Advanced data handling with pandas
Contents
1. Advanced data handling with pandas
#
1.1. The .apply()
method#
So far, .transform()
and .agg()
have been powerful methods we can use to pass existing functions, or even custom functions, to our data. There is one more method that allows the passing of functions to a DataFrame in a flexible way - .apply()
. This method allows you to pass a function to each row or column of a DataFrame, and the result can flexibly be a single number (unlike .transform()
) or another DataFrame.
import pandas as pd
import numpy as np
# Demonstrate apply
sample_df = pd.DataFrame({'item': ['mirror', 'chair', 'drawers', 'desk'],
'cost':['£32.1023', '£21.29102022', '£90.21', '£99.1']})
# Define a function to create a nice print out of each row
def df_printer(df_row):
return df_row['item'] + ' costs: ' + df_row['cost']
# Apply along columns
sample_df['describe'] = sample_df.apply(df_printer, axis=1)
display(sample_df)
item | cost | describe | |
---|---|---|---|
0 | mirror | £32.1023 | mirror costs: £32.1023 |
1 | chair | £21.29102022 | chair costs: £21.29102022 |
2 | drawers | £90.21 | drawers costs: £90.21 |
3 | desk | £99.1 | desk costs: £99.1 |
# Clean the cost column up with a lambda
sample_df['clean_cost'] = sample_df['cost'].apply(lambda x: round(float(x.replace('£', '')), 3))
sample_df
item | cost | describe | clean_cost | |
---|---|---|---|---|
0 | mirror | £32.1023 | mirror costs: £32.1023 | 32.102 |
1 | chair | £21.29102022 | chair costs: £21.29102022 | 21.291 |
2 | drawers | £90.21 | drawers costs: £90.21 | 90.210 |
3 | desk | £99.1 | desk costs: £99.1 | 99.100 |
A more practical example might help more. How could we correlate each column of a DataFrame with a specific variable? This is a common task - perhaps we want to check how our predictors are correlated with our outcome measure.
# For this example, use the 'iris' data set available here: https://archive.ics.uci.edu/ml/machine-learning-databases/iris/iris.data
iris = pd.read_csv('https://archive.ics.uci.edu/ml/machine-learning-databases/iris/iris.data', header=None,
names=['sepal_length', 'sepal_width', 'petal_length', 'petal_width', 'species'])
# How to correlate, with p-value, each column with sepal_width?
# import correlation function - more on this in later chapters
from scipy.stats import pearsonr
def sepal_correlate(df_col):
# Check type, and just return a pair of NaN if so.
if df_col.dtype == 'O':
return pd.Series([np.nan, np.nan], index=['pearsonr', 'pvalue'])
# Correlation function returns two value
r, pval = pearsonr(iris['sepal_length'], df_col)

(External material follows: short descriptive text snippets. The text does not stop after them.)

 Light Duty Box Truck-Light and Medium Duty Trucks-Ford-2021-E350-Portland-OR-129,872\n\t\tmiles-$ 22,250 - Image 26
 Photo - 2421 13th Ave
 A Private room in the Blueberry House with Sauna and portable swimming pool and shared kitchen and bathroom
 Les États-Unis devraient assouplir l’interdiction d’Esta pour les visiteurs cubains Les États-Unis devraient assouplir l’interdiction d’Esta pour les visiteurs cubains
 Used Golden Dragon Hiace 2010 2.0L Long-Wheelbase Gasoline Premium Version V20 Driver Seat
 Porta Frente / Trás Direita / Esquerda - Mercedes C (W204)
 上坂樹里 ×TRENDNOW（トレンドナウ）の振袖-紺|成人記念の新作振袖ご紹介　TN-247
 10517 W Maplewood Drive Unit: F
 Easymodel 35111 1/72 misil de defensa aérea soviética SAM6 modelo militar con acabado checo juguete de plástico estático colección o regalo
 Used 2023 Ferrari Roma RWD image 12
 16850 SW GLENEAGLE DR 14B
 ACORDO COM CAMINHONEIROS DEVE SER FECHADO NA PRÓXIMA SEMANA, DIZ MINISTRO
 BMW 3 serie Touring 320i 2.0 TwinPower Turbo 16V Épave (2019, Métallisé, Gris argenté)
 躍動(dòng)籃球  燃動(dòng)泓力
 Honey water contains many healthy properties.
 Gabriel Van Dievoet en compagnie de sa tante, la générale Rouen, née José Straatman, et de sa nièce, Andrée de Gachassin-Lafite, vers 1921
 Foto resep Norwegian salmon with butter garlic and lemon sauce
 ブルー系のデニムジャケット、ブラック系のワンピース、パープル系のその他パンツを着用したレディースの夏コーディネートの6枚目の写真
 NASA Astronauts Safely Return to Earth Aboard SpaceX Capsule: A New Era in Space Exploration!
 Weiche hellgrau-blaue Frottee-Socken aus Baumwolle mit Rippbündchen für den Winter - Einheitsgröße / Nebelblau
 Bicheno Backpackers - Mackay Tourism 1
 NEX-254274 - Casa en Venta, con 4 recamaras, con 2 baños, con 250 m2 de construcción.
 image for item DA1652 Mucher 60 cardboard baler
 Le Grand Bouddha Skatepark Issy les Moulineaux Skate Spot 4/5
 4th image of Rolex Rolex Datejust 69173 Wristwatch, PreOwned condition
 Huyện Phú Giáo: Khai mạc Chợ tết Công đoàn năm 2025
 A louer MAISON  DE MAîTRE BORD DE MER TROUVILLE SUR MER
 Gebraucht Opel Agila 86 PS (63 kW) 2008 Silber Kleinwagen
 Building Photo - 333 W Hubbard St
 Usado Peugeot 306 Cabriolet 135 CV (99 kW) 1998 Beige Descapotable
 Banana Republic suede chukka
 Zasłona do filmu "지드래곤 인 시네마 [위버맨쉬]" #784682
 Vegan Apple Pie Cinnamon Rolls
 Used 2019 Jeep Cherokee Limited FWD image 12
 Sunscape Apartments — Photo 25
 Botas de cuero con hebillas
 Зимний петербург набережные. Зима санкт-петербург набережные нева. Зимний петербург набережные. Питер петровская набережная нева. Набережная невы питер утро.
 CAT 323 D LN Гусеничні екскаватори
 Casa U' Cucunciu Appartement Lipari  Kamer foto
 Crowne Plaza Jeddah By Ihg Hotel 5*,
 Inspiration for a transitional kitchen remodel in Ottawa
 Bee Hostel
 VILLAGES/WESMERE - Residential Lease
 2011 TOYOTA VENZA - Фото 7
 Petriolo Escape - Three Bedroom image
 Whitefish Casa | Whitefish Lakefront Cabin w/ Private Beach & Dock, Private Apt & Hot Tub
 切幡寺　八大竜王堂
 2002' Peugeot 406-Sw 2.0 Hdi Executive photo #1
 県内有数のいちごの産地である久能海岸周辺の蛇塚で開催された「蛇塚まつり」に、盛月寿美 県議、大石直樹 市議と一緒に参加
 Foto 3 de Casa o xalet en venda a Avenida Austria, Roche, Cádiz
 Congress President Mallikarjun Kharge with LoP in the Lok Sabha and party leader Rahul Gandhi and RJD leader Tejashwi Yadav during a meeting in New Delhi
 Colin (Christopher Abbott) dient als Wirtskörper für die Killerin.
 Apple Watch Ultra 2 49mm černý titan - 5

# Place these into a 'Series' - a single column from a DataFrame
output = pd.Series([r, pval], index=['pearsonr', 'pvalue'])
return output
# Apply
corrs = iris.apply(sepal_correlate, axis=0)
# Display and transpose
display(corrs.T.round(3))
pearsonr | pvalue | |
---|---|---|
sepal_length | 1.000 | 0.000 |
sepal_width | -0.109 | 0.183 |
petal_length | 0.872 | 0.000 |
petal_width | 0.818 | 0.000 |
species | NaN | NaN |
There are other ways to achieve this that may be simpler, but the general idea of taking specific columns and applying functions to is an all-round good solution. pandas
does have a built-in .corr
method on DataFrames; but if you are interested in p-values, it will not return them.